Memorial erected to Joachim Gans, the first Jew in North America
It took nearly four and a half centuries for Americans to acknowledge the Jewish metallurgist, who was tried for denying the divinity of Jesus after returning to Britain

Joachim Gans has finally received public recognition for his contribution to the colonization of North America, centuries after he became the first Jew to arrive in the New World in 1585.
According to Smithsonian.com, a memorial marker was erected in Gans’s memory last month alongside a highway in North Carolina near the site of the first, abortive British settlement on Roanoke Island, where the Prague-born Jew served as colonial metallurgist.
“Joachim Gans.
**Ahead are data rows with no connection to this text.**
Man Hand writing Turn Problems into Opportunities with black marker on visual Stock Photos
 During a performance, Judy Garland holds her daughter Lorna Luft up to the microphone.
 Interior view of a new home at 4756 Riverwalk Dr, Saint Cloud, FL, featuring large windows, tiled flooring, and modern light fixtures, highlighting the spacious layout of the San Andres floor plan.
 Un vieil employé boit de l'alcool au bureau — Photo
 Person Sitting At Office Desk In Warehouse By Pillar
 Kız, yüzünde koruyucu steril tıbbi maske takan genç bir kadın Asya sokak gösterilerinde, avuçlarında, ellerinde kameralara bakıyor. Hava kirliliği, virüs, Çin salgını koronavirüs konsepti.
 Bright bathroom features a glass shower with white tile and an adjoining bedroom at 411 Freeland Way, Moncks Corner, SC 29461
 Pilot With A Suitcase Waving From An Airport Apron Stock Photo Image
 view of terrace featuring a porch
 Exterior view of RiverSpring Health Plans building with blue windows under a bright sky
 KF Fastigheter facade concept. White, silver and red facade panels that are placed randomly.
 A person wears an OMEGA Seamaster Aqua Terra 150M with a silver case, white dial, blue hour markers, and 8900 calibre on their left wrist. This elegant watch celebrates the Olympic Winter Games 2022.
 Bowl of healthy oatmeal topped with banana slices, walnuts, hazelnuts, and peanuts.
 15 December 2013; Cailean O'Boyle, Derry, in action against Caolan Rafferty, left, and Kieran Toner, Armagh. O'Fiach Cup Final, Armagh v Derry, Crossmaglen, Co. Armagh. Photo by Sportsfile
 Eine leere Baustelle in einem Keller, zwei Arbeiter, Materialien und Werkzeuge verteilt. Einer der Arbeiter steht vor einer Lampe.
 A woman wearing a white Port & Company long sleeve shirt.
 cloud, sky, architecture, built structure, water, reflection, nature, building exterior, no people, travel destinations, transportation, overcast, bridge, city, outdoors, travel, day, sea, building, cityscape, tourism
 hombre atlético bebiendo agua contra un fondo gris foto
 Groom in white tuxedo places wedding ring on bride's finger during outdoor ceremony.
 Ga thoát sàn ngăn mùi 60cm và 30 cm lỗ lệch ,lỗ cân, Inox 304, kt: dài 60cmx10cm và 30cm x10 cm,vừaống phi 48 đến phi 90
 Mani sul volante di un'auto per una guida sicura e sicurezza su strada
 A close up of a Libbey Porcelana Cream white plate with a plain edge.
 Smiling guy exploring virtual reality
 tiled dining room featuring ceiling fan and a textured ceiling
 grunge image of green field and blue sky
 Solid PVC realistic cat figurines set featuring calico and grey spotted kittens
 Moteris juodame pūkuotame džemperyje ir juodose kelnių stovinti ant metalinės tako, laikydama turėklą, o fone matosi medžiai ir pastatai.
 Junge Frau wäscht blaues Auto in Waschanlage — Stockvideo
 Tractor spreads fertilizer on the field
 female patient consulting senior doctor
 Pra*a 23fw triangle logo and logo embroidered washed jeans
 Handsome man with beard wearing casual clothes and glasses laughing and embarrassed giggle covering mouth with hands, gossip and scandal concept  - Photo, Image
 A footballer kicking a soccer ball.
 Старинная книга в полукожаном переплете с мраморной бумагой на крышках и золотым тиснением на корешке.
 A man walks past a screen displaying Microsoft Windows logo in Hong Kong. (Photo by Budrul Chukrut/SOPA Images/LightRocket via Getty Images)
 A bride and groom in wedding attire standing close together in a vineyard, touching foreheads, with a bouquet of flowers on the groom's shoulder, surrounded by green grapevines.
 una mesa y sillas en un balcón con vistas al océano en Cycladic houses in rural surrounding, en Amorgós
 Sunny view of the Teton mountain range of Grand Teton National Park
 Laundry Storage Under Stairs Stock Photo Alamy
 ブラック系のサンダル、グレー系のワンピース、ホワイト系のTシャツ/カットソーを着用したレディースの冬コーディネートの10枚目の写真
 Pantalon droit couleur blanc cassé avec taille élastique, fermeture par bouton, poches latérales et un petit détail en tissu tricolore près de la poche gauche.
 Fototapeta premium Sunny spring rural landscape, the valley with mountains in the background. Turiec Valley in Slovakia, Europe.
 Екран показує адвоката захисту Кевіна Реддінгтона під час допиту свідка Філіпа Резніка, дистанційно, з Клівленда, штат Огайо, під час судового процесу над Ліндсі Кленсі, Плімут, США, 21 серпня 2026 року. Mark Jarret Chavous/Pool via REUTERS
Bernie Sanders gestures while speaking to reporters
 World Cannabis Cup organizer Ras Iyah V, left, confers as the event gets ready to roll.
Scientist; Jewish native of Prague. Led metallurgy experiments, 1585-86, at the first Roanoke colony near here. Part of Lane’s English expedition,” the sign read.
Smithsonian noted that Gans “played a key role in the first attempt by the English to settle the New World” and that “his accomplishments in the 1580s helped plant the seed for what became the United States.”

Gans, an expert metallurgist in Prague, initially came to England to help the country get more copper from its ore and do it more efficiently. At the time, Jews were banned from living in England but the British, facing shortages of metals necessary for arming their ships in the face of tensions with Spain, overlooked his religious background in order to include him in the colony. Gans’s presence helped reassure investors who were skeptical about the commercial prospects in North America because other explorers had failed to find anything promising.
Gans’s inclusion in the exploration “marks the line where England was more interested in what he could contribute to the economy than holding onto religious prejudices,” said Leonard Rogoff, president of the Jewish Heritage Foundation of North Carolina and author of a book about Jews in North Carolina.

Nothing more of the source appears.